March normally represents the largest registration month for new vehicles in the UK due to the registration plate change in the month.  A further potential distortion may occur in March 2017 from the changes in Vehicle Excise Duty (VED) which will come into force on 1 April 2017.  These changes increase the VED costs over the lifetime of many vehicles, and as a consequence of the timing of the changes, customers may seek to purchase new vehicles before 1 April 2017.  This may result in a pull-forward of registrations and retailer self-registrations into March 2017, further distorting the new vehicle registration data trends.   Consequently, March 2017 may turn out to be a record registration month in the UK whereas the immediate months thereafter may experience weakness in the new car market.

The market for aftersales, the Group's highest margin activity, remains strong as the UK vehicle parc has continued to grow following several years of strong new vehicle markets.  The Group's aftersales performance during the Period, particularly in vehicle servicing, confirms the Board's confidence regarding the continuation of a strong aftersales performance.  The Group now has over 100,000 customers paying monthly for the Group's own three year service plans.

The Board believes the used car market provides a substantial opportunity to continue to grow profits underpinned by strong consumer demand and pricing stability.

The Board is therefore confident of the prospects for the Group as a whole, likely to be driven by strong aftersales and used vehicles segments which typically generate 70% of Group profits, but is more cautious about the new vehicle market.

The Group will announce its preliminary results for the year ended 28 February 2017 on 10 May 2017.

This announcement contains inside information.

For further information please contact:

Vertu Motors plc

Robert Forrester, CEO                     Tel: 0191 491 2111

Michael Sherwin, CFO                    Tel: 0191 491 2112

 

Liberum

Peter Tracey                                     Tel: 020 3100 2000

Richard Crawley

Jamie Richards

 

Zeus Capital Limited

Dominic King                                    Tel: 020 3829 5000

 

Camarco

Billy Clegg                                         Tel: 020 3757 4983

Georgia Edmonds

Notes to Editors

Vertu Motors, the UK automotive retailer with a proven growth strategy, is the fifth largest automotive retailer in the UK with a network of 125 sales outlets across the UK.  Its dealerships operate predominantly under the Bristol Street Motors, Vertu, Farnell and Macklin Motors brand names.

Vertu Motors was established in November 2006 with the strategy to consolidate the UK motor retail sector.  It is intended that the Group will continue to acquire motor retail operations to grow a scaled dealership group.  The Group's acquisition strategy is supplemented by a focused organic growth strategy to drive operational efficiencies through its national dealership network. The Group currently operates 122 franchised sales outlets and 3 non-franchised sales operations from 105 locations across the UK.

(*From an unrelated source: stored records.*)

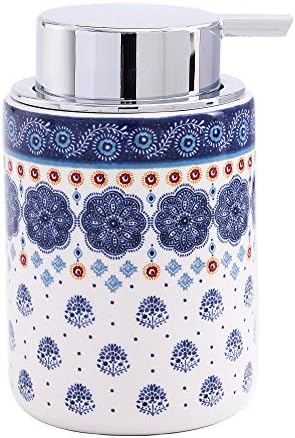 Керамични опаковка за сапун Bico Blue Talavera капацитет от 12 унции с подвижна помпа Е идеален за сапун за кухня, сапун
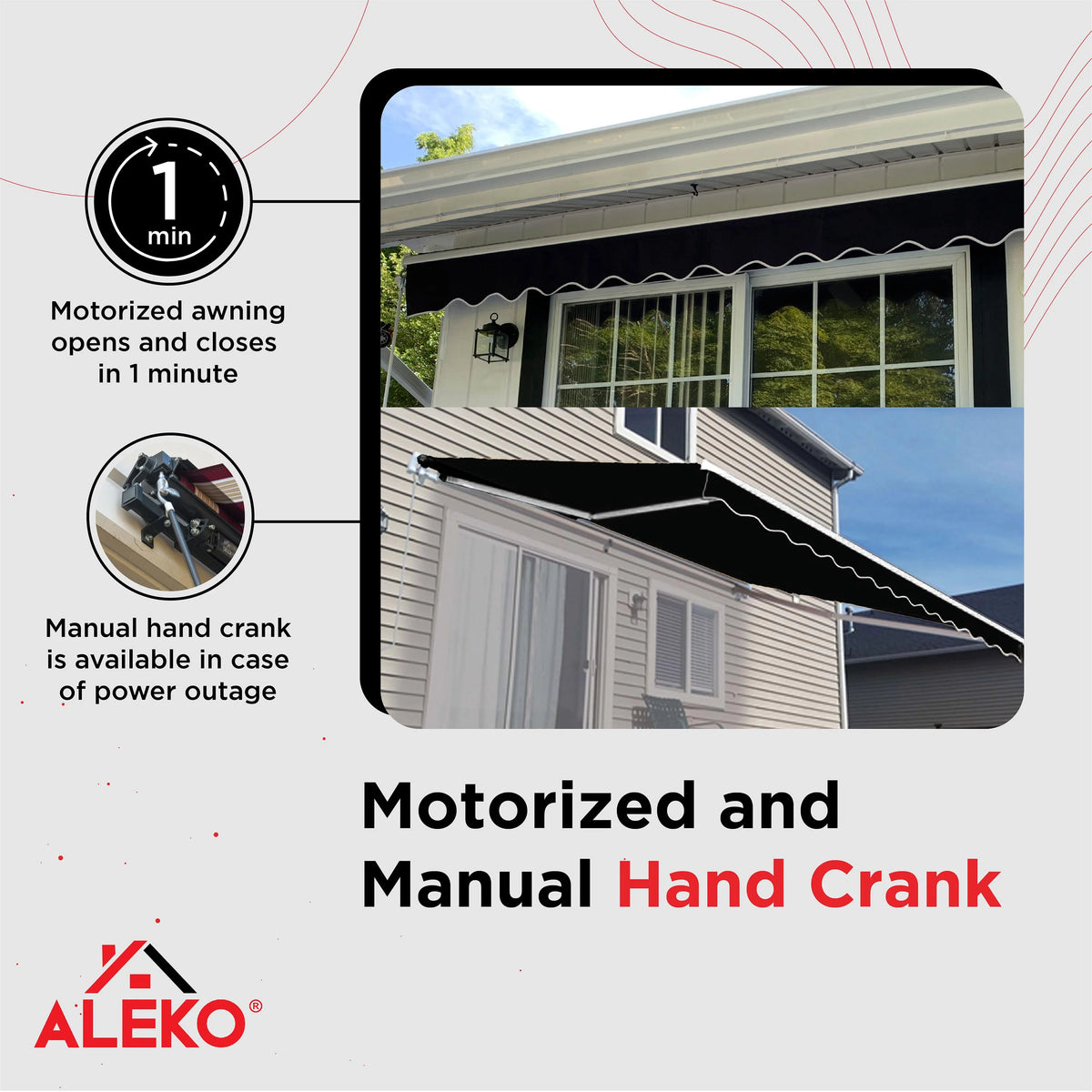 Grey White Striped Motorized Retractable Patio Awning I37924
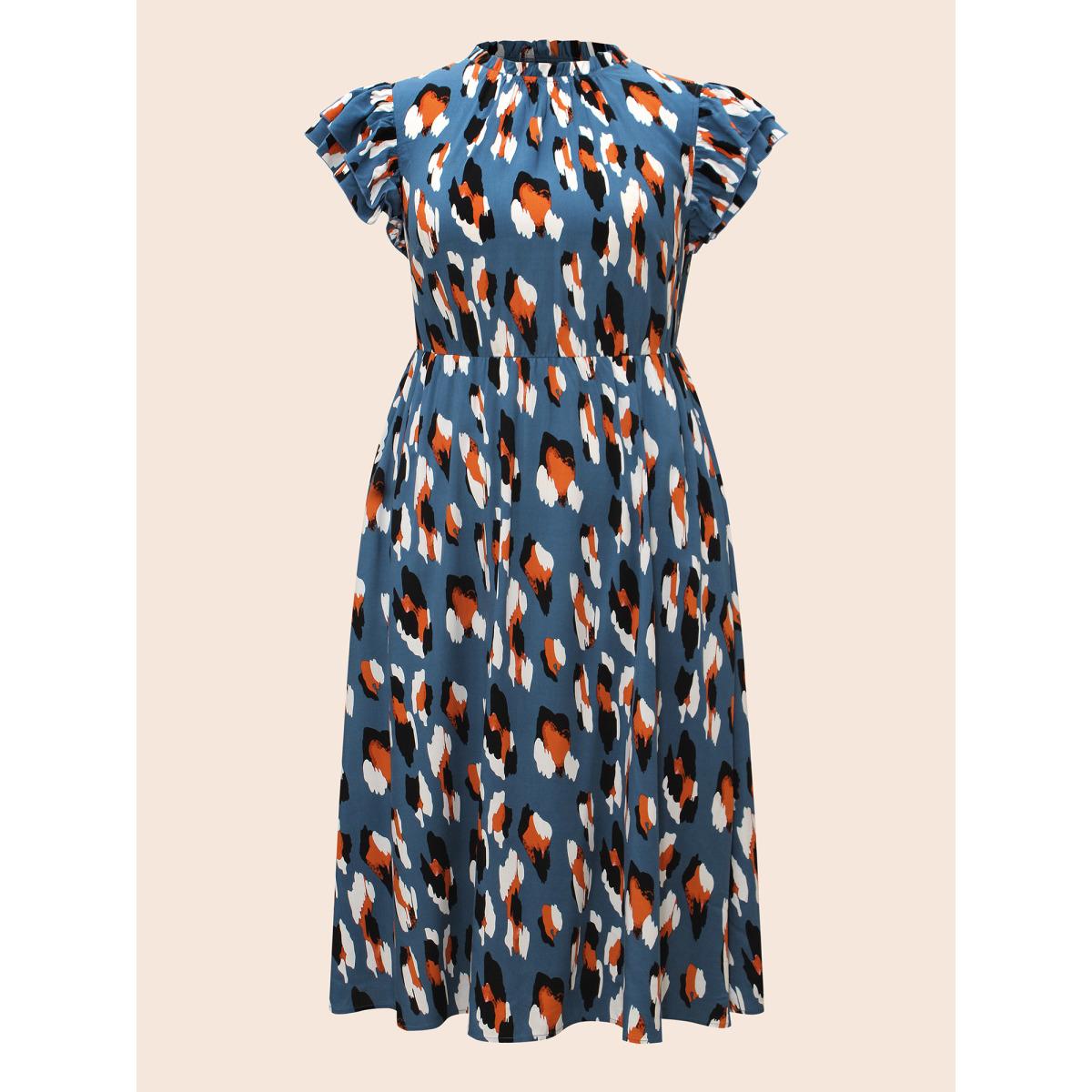 Plus Size Allover Print Frill Trim Flutter Sleeve Dress Aegean Women Office Gathered Mock Neck Sleeveless Curvy Midi Dress BloomChic 18-20/2X Product Image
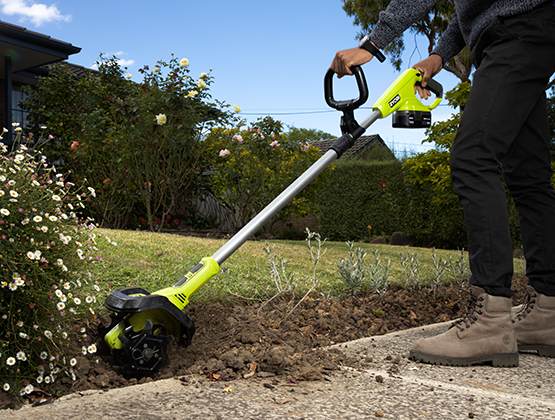 A Ryobi cultivator used to prepared soil for planting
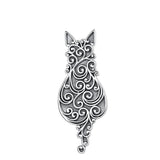 925 Sterling Silver Filigree Cat Necklace Kitten Pendant Men Women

Vertu Motors Group websites - www.vertumotors.com / www.vertucareers.com

Vertu brand websites - www.bristolstreet.co.uk / www.vertuhonda.com / www.vertutoyota.com / www.macklinmotors.co.uk / www.farnelllandrover.com / www.farnelljaguar.com / www.vertuvolkswagen.com / www.vertumercedes-benz.com

Forward-looking statements

This document may contain certain 'forward-looking' statements. By their nature, forward-looking statements involve risk and uncertainty because they relate to future events and circumstances. Actual outcomes and results may differ materially from any outcomes or results expressed or implied by such forward-looking statements.

Any forward-looking statements made by, or on behalf of, Vertu Motors plc speak only as of the date they are made and no representation or warranty is given in relation to them, including as to their completeness or accuracy or the basis on which they were prepared. Vertu Motors plc does not undertake to update forward-looking statements to reflect any changes in its expectations with regard thereto or any changes in events, conditions or circumstances on which any such statement is based.